Streaming in Cassandra 2.0
date: September 4, 2013
“Streaming” is a component which handles data (part of SSTable file) exchange among nodes in the cluster.
When you bootstrap a new node, it gets data from existing nodes using streaming. When you run
nodetool repair, nodes exchange out-of-sync data using streaming.
If you want to bulk load data from your backup set,
sstableloader uses streaming to complete task.
Why we updated the streaming protocol?
As you can see, streaming is one of the core components inside Cassandra. If you have experience in operating Cassandra clusters, you have probably wondered why streaming sometimes gets stuck or is slow, and it’s hard to track down what went wrong.

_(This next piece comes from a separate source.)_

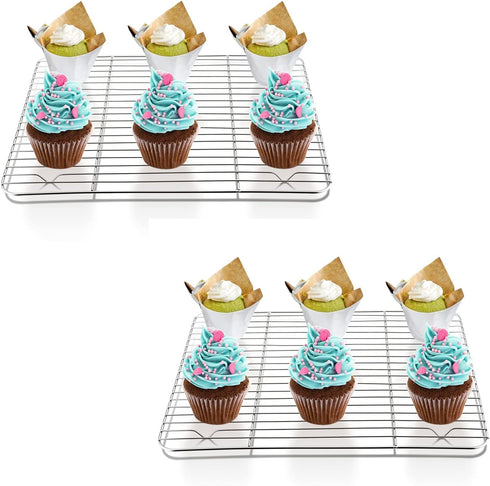 P&P CHEF 4-Piece Baking Cooling Rack Set - Stainless Steel Wire Racks for Oven Use, Healthy & Dishwasher Safe, 9.7 Inch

Over time streaming has been improved, but to make it more reliable, traceable, and faster, we had to re-design it from the ground up.

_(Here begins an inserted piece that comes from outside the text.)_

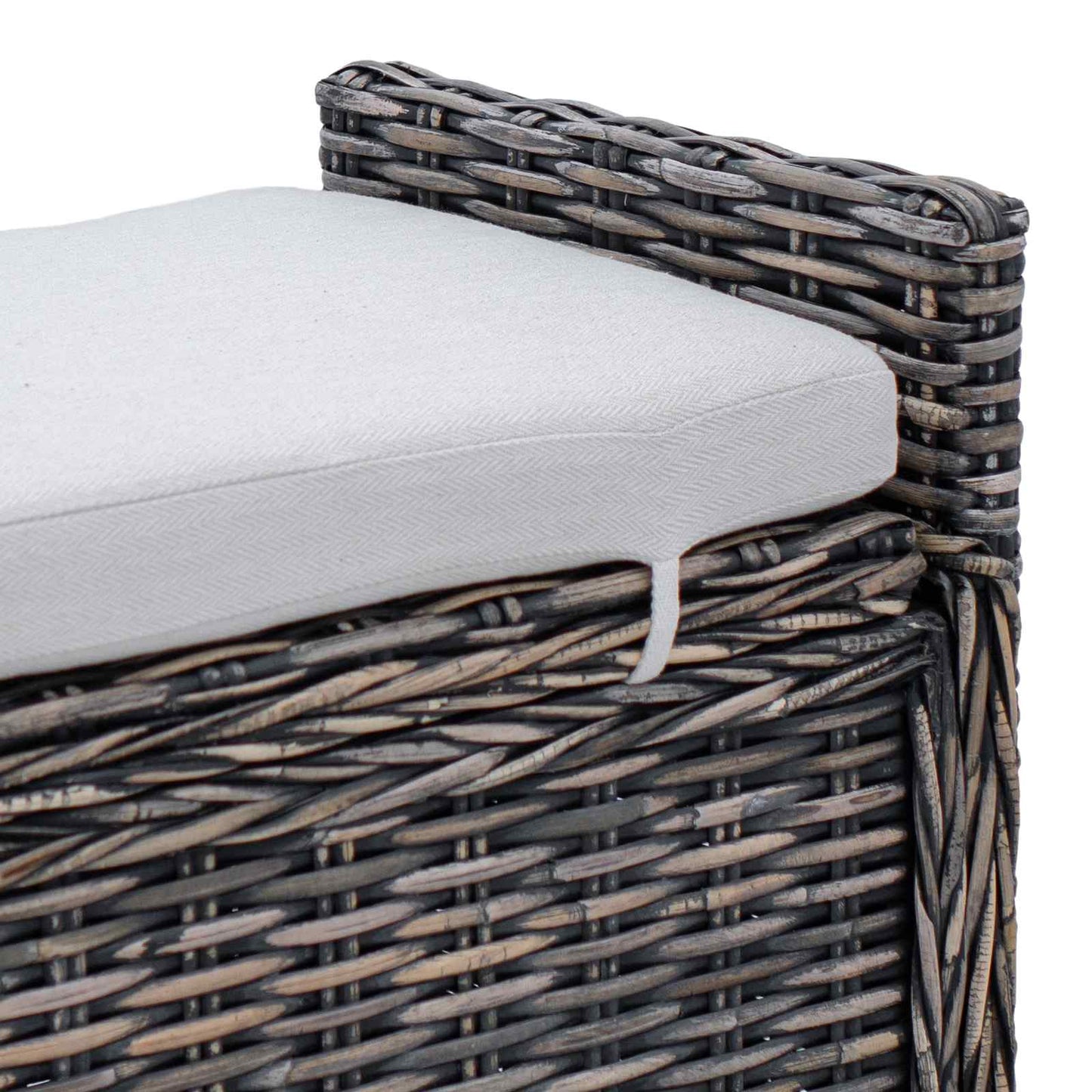Opslagbank met kussen Zwart gewassen 110 x 40 x 50 cm Rattan is nu te koop bij PeponiXL, paradijselijk wonen!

C* version 2.0 was the best timing for re-designing streaming protocol and API.
What's changed in Streaming 2.0?
Streaming 2.0 is designed to achieve the following goals:
- Better control
- Better traceability
- Better performance
For better control
Up to 1.2, there are two kinds of streaming.
Stream Out, which a node sends data to another node and
Stream In, which a node receives data from another node, and those are separate stream sessions even though operations like
repair do both send and receive data.
Stream sessions are also separated from operations, so it was hard to tell what operation those streaming you saw on
nodetool netstats belong.
In streaming 2.0, all streaming sessions related to certain operation(bulkload, move, bootstrap, etc.) are associated to the same
As you can see in improved
nodetool netstats output, you are able to see what operation is performing streams in one place.
$ bin/nodetool -h 192.168.1.141 netstats Mode: NORMAL Bulk Load fdf4cc70-10e9-11e3-bed0-27ba85b87bf8 /192.168.1.163 Receiving 3 files, 28437084 bytes total /var/lib/cassandra/data/Keyspace1/Standard1/Keyspace1-Standard1-tmp-ja-4-Data.db 9244384/9244384 bytes(100%) received from /192.168.1.163 /var/lib/cassandra/data/Keyspace1/Standard1/Keyspace1-Standard1-tmp-ja-5-Data.db 9249617/9249617 bytes(100%) received from /192.168.1.163 /var/lib/cassandra/data/Keyspace1/Standard1/Keyspace1-Standard1-tmp-ja-6-Data.db 5635715/9943083 bytes(56%) received from /192.168.1.163 Read Repair Statistics: Attempted: 0 Mismatch (Blocking): 0 Mismatch (Background): 0 Pool Name Active Pending Completed Commands n/a 0 0 Responses n/a 0 0
Here, you can see the node is receiving 3 files from
/192.168.1.163 for "Bulk Load" and has Stream Plan ID of fdf4cc70-10e9-11e3-bed0-27ba85b87bf8.
For better traceability
As stated above, each
Stream Plan has its own Stream Plan ID, and all the events happen during the operation are associated with this ID.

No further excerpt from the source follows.